▶ _Description of the task_
Copy out all lines of the records in which the word "image" appears.

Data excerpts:
++++

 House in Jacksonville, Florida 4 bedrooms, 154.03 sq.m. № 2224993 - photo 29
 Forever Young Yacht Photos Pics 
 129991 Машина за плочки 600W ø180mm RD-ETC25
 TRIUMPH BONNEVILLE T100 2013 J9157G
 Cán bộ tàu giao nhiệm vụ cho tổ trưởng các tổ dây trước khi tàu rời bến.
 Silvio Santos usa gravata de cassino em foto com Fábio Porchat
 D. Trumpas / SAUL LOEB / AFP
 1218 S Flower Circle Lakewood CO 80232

++++

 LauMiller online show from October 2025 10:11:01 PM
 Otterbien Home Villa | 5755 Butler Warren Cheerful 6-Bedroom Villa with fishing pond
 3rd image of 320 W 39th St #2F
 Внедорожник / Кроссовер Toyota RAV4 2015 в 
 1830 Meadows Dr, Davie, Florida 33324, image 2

++++

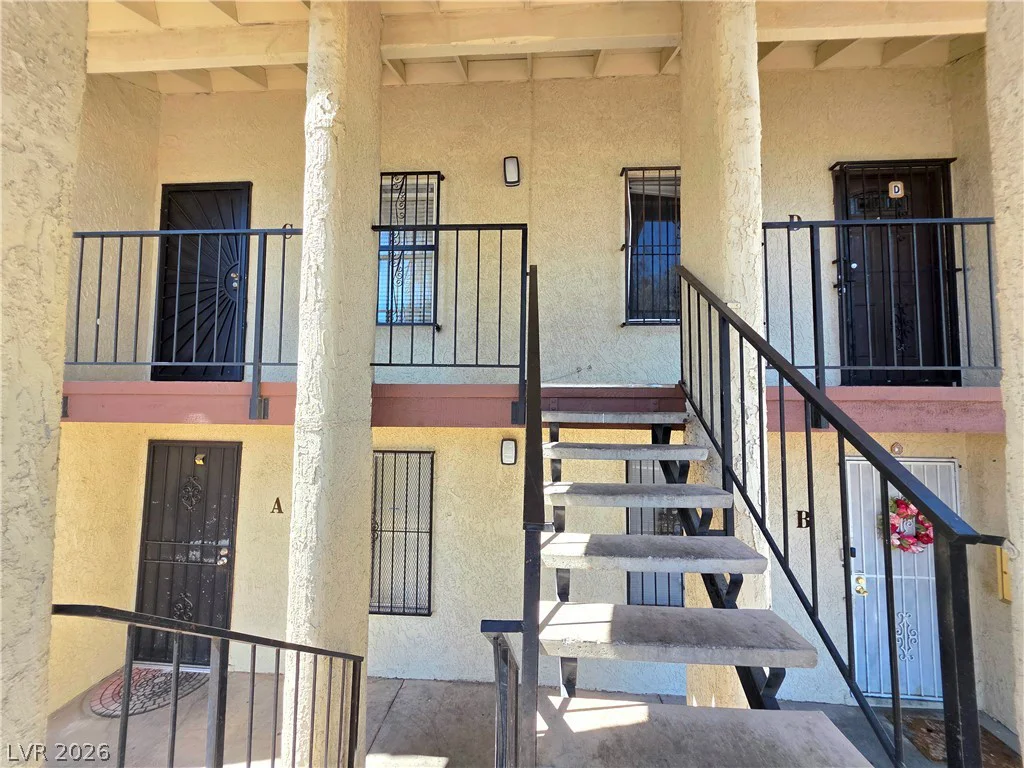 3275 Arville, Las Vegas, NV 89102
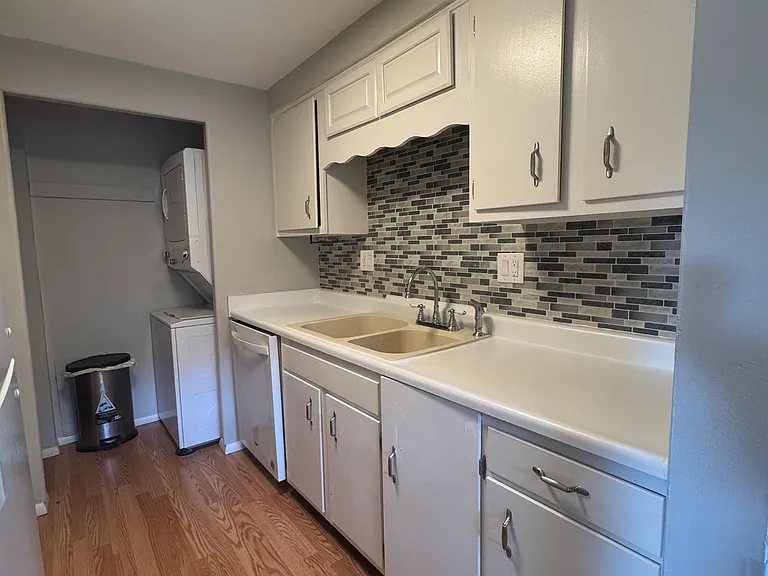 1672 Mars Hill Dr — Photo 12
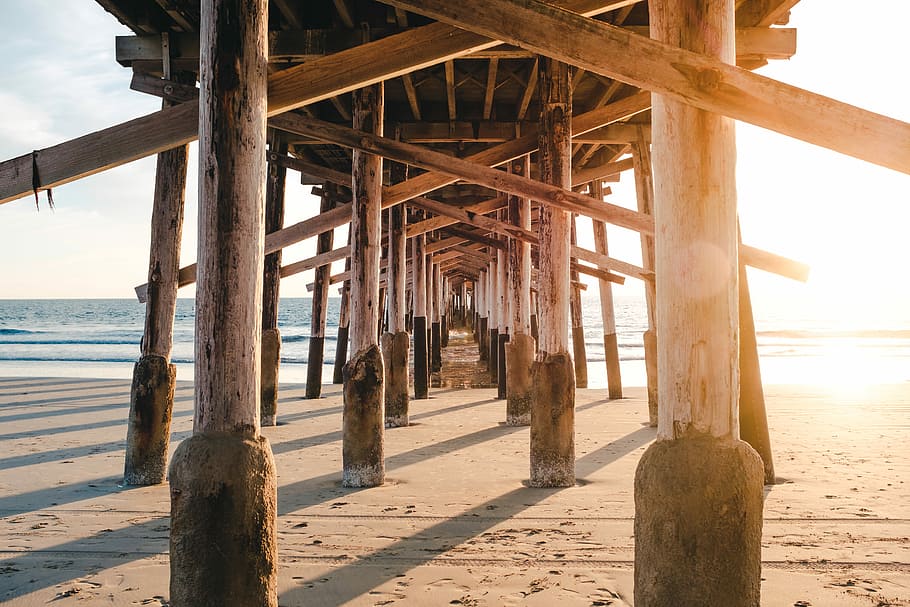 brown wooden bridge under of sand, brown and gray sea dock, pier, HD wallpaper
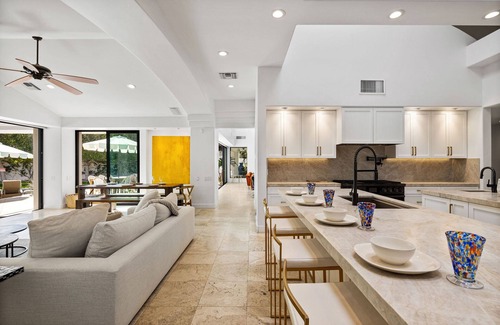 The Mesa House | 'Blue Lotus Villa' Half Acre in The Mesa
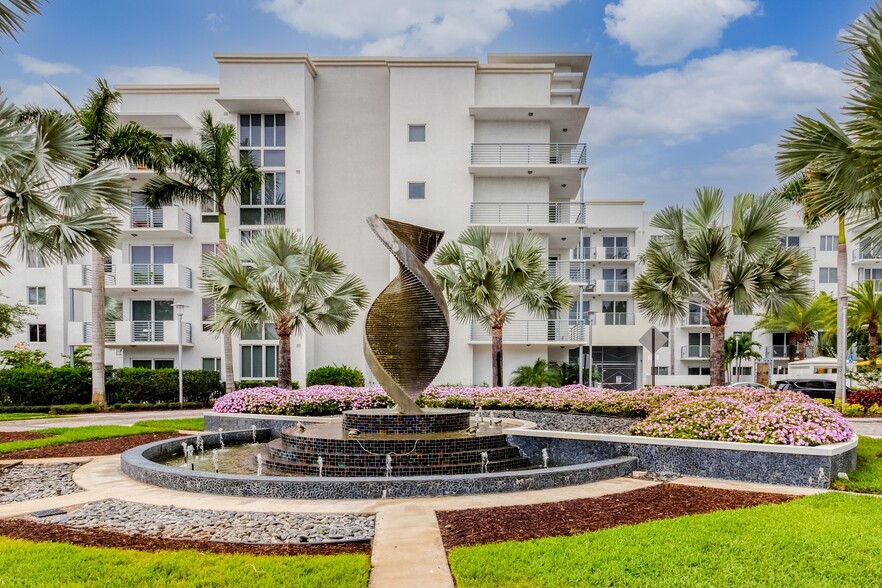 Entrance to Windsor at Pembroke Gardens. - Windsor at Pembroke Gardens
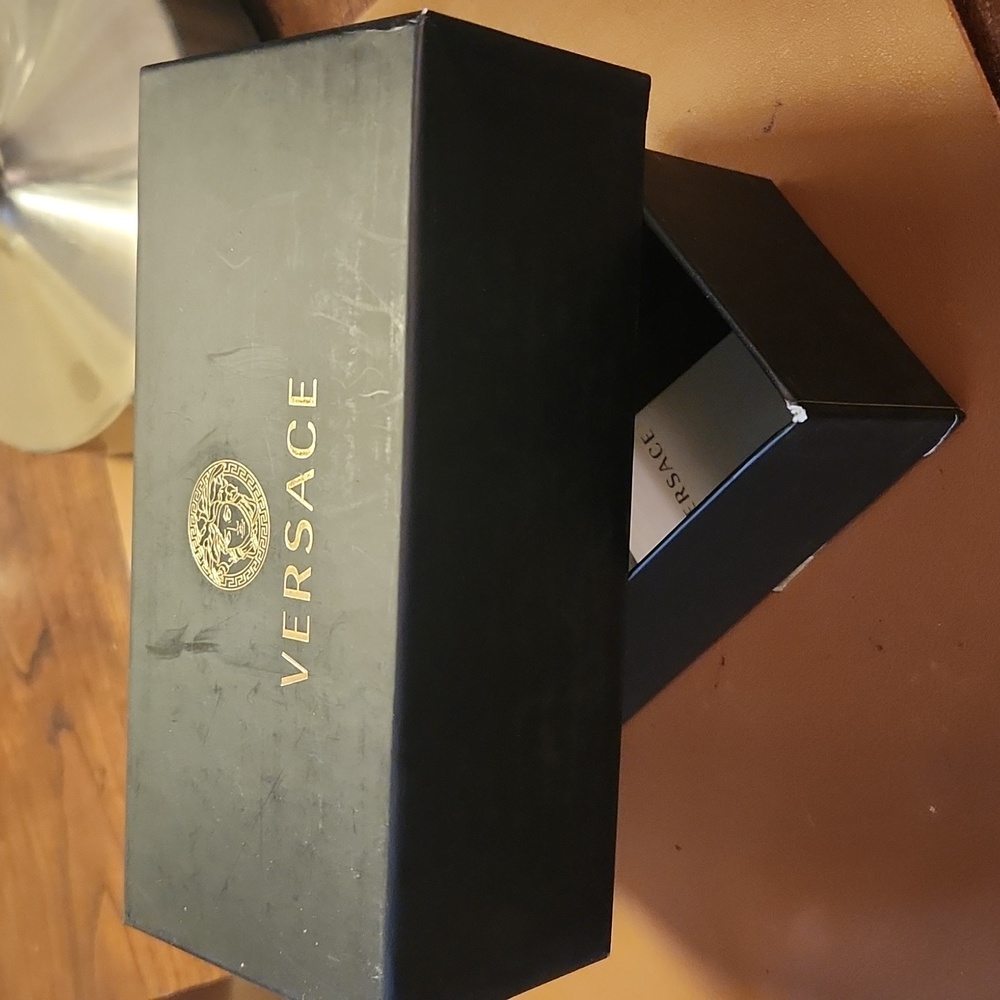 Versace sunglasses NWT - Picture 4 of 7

++++

▶ _Exercise solution_
 3rd image of 320 W 39th St #2F
 1830 Meadows Dr, Davie, Florida 33324, image 2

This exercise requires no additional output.